MongoDB's New Time Series Collections
Time-series data are measurements taken at time intervals. Sometimes time-series data will come into your database at high frequency - use-cases like financial transactions, stock market data, readings from smart meters, or metrics from services you're hosting over hundreds or even thousands of servers. In other cases, each measurement may only come in every few minutes. Maybe you're tracking the number of servers that you're running every few minutes to estimate your server costs for the month. Perhaps you're measuring the soil moisture of your favourite plant once a day.
|Regular||Service metrics||Number of sensors providing weather metrics|
|Irregular||Financial transactions, Stock prices?||LPWAN data|
However, when it comes to time-series data, it isn’t all about frequency, the only thing that truly matters is the presence of time so whether your data comes every second, every 5 minutes, or every hour isn’t important for using MongoDB for storing and working with time-series data.

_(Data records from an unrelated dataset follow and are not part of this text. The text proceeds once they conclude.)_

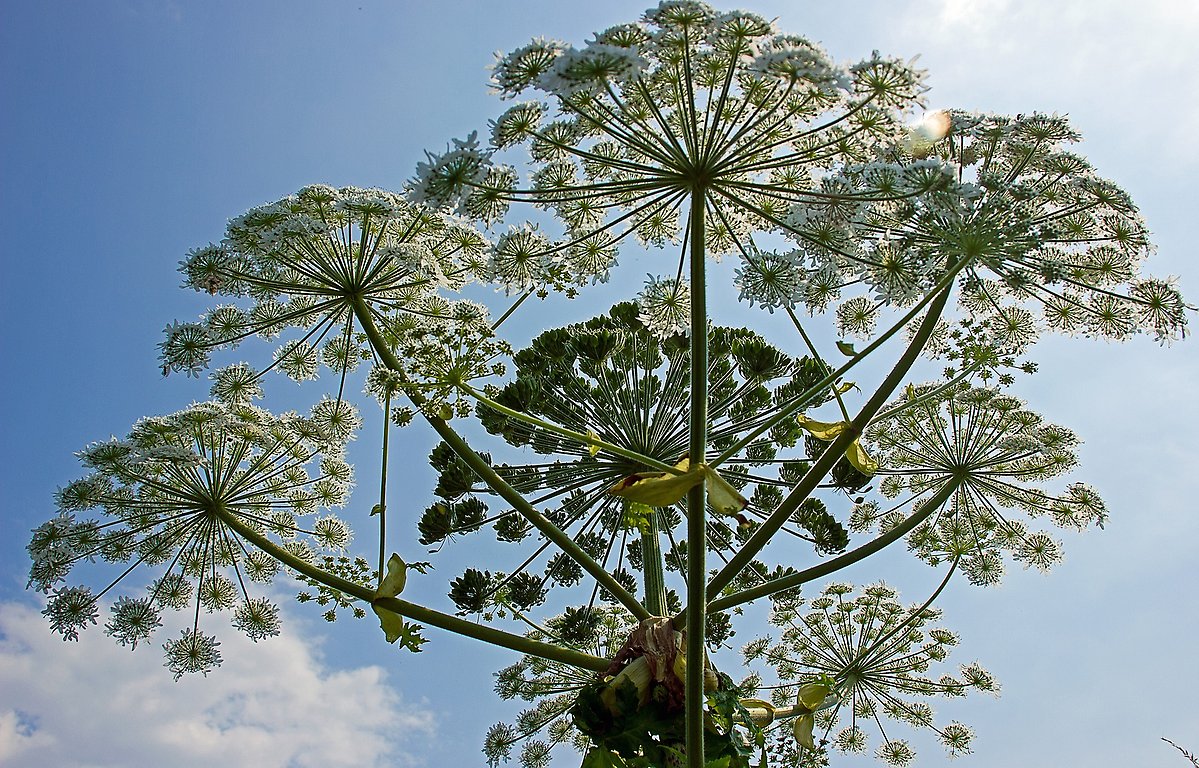 Jättelokans blommor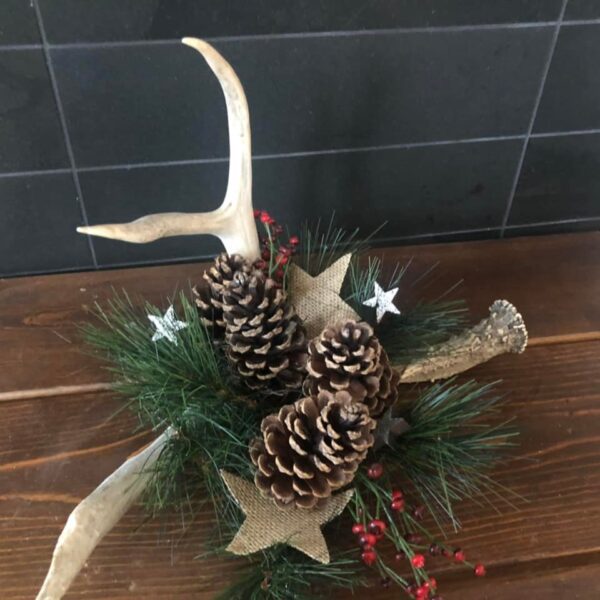 A table with some pine cones and antlers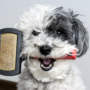 Curly haired dog clenching handle of bristle brush in its mouth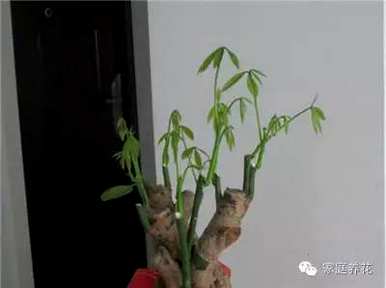 冬季可以修剪发财树吗？怎样修剪发财树？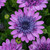 Osteospermum Double Pink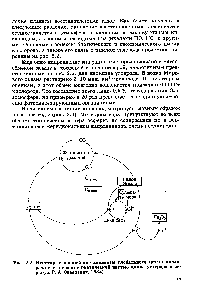 Рис. 2.2. <a href="/info/1456084">Некоторые важнейшие</a> элементы глобального цикла кислорода и его связи с <a href="/info/1530555">биотической частью</a> <a href="/info/104585">цикла углерода</a> и серы (по г. А. Заварзину, 1984)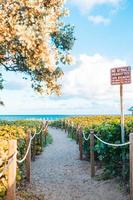 Sand trail to the beach in Florida photo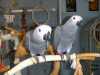 Nabídka Žako Africké šedé papoušci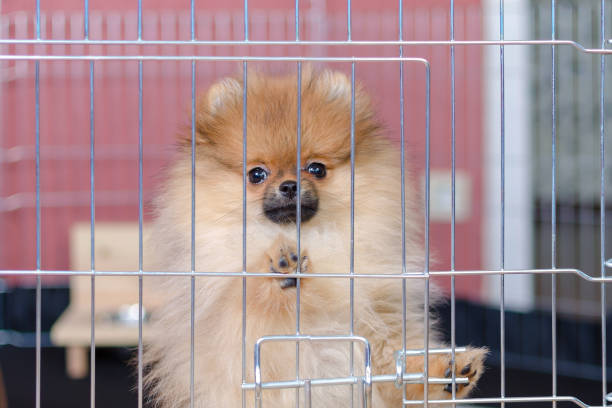 pomeranian puppy is standing in a aviary and looking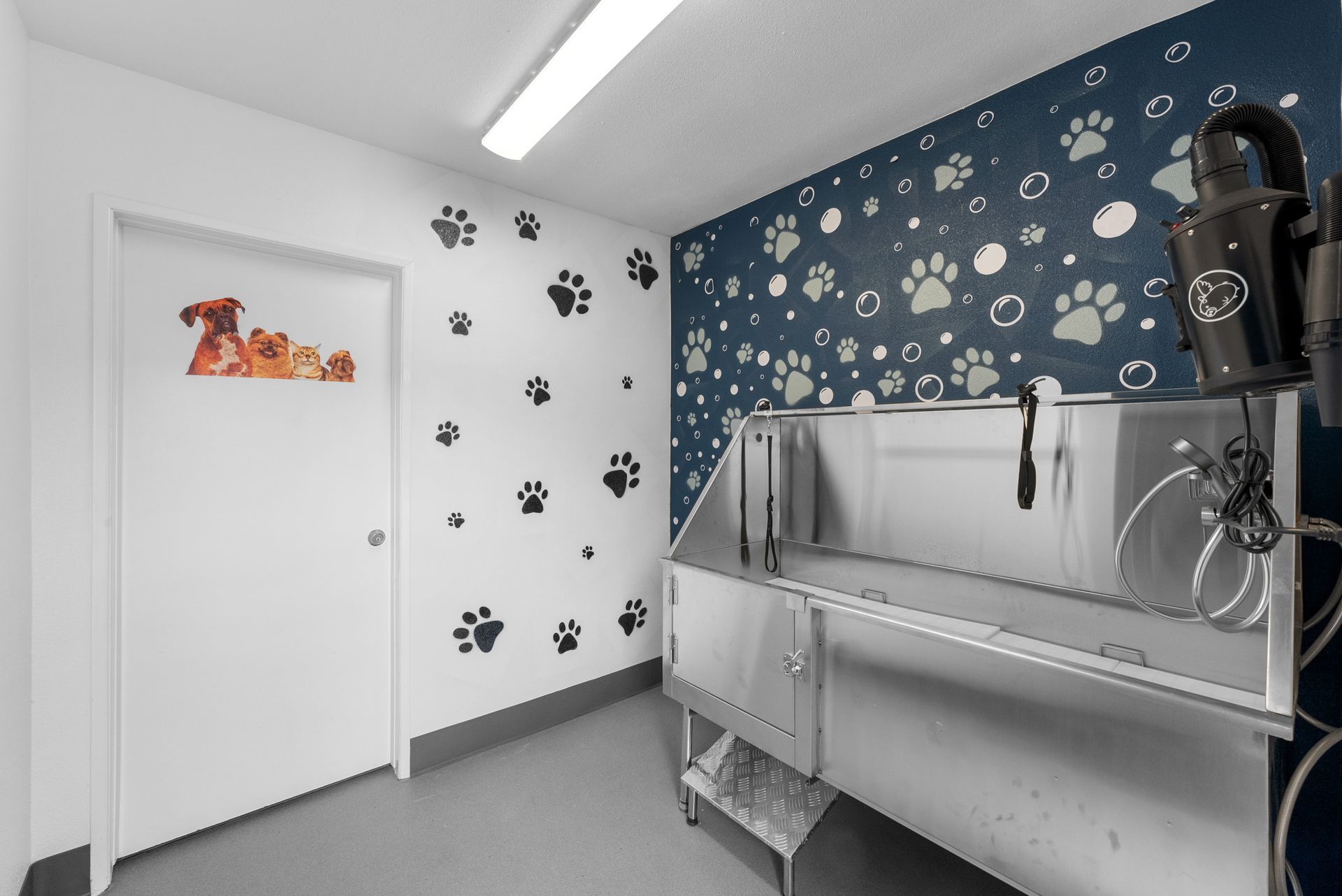 dog wash room and station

From the very beginning, developers have been using MongoDB to store time-series data. MongoDB can be an extremely efficient engine for storing and processing time-series data, but you'd have to know how to correctly model it to have a performant solution, but that wasn't as straightforward as it could have been.
Starting in MongoDB 5.0 there is a new collection type, time-series collections, which are specifically designed for storing and working with time-series data without the hassle or need to worry about low-level model optimization.

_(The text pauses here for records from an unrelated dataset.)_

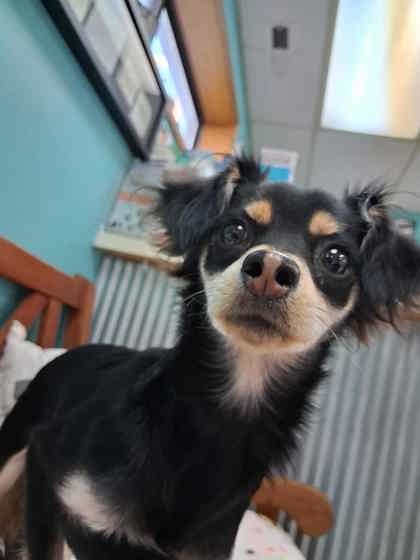 Glenda Coco, an adoptable Chihuahua, Mixed Breed in Scottsbluff, NE, 69361 | Photo Image 1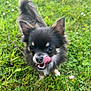 dog, small_dog, chihuahua, tongue, licking, grass, greenery, outdoor, pet, cute, fur, ears, animal, nature, playful, closeup, canine, adorable, black, tan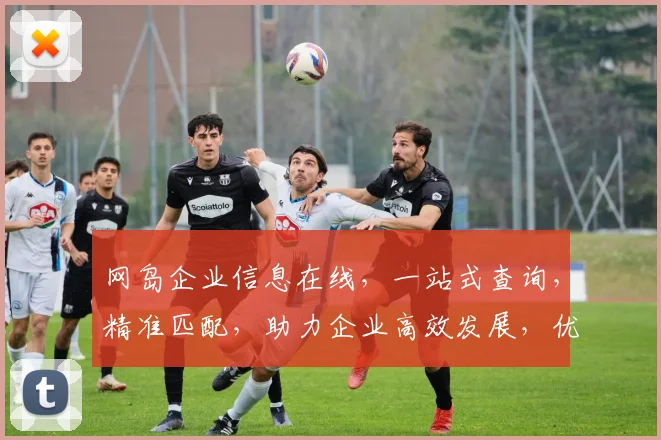 网岛企业信息在线，一站式查询，精准匹配，助力企业高效发展，优化资源，提升竞争力。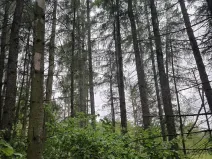 Prodej lesa, Zábřeh, 4422 m2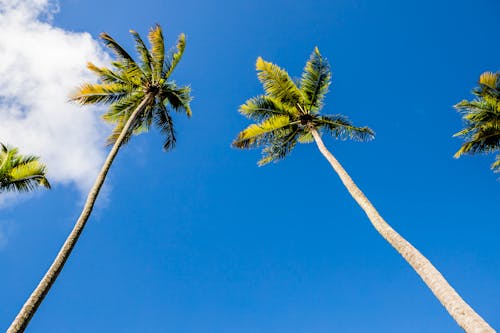로우앵글 샷, 야자나무, 코코넛 나무의 무료 스톡 사진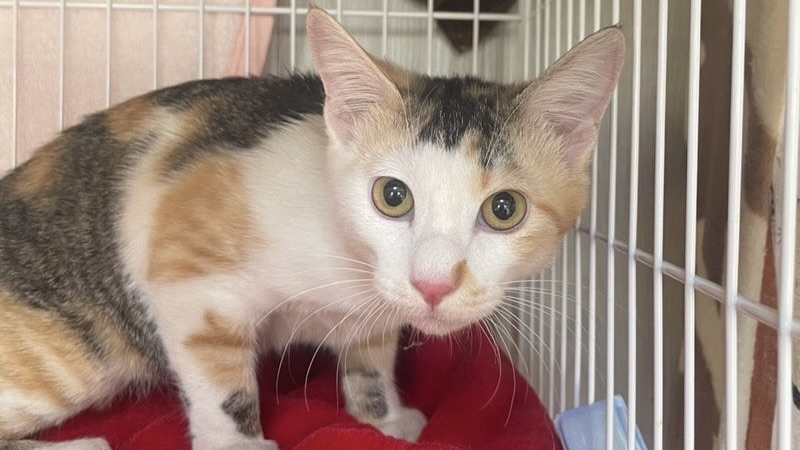 4/11里親様決定 ! バステトちゃん　三毛♀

Time series collections are a new collection type introduced in MongoDB 5.0. On the surface, these collections look and feel like every other collection in MongoDB. You can read and write to them just like you do regular collections and even create secondary indexes with the createIndex command. However, internally, they are natively supported and optimized for storing and working with time-series data.

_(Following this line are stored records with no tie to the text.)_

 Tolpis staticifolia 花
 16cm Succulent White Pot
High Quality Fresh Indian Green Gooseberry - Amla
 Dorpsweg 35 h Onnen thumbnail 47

Under the hood, the creation of a time series collection results in a collection and an automatically created writable non-materialized view which serves as an abstraction layer. This abstraction layer allows you to always work with their data as single documents in their raw form without worry of performance implications as the actual time series collection implements a form of the bucket pattern you may already know when persisting data to disk, but these details are something you no longer need to care about when designing your schema or reading and writing your data. Users will always be able to work with the abstraction layer and not with a complicated compressed bucketed document.
Well because you have time-series data, right?
Of course that may be true, but there are so many more reasons to use the new time series collections over regular collections for time-series data.
Ease of use, performance, and storage efficiency were paramount goals when creating time series collections. Time series collections allow you to work with your data model like any other collection as single documents with rich data types and structures. They eliminate the need to model your time-series data in a way that it can be performant ahead of time - they take care of all this for you!
You can design your document models more intuitively, the way you would with other types of MongoDB collections. The database then optimizes the storage schema for ingestion, retrieval, and storage by providing native compression to allow you to efficiently store your time-series data without worry about duplicated fields alongside your measurements.
Despite being implemented in a different way from the collections you've used before, to optimize for time-stamped documents, it's important to remember that you can still use the MongoDB features you know and love, including things like nesting data within documents, secondary indexes, and the full breadth of analytics and data transformation functions within the aggregation framework, including joining data from other collections, using the
$lookupoperator, and creating materialized views using
Creating a time series collection is straightforward, all it takes is a field in your data that corresponds to time, just pass the new "timeseries'' field to the createCollection command and you’re off and running. However, before we get too far ahead, let’s walk through just how to do this and all of the options that allow you to optimize time series collections.
Throughout this post, we'll show you how to create a time series collection to store documents that look like the following:
As mentioned before, a time series collection can be created with just a simple time field. In order to store documents like this in a time series collection, we can pass the following to the createCollection command:
Pretty fast right? While timeseries collections only require a timeField, there are other optional parameters that can be specified at creation or in some cases at modification time which will allow you to get the most from your data and time series collections. Those optional parameters are metaField, granularity, and expireAfterSeconds.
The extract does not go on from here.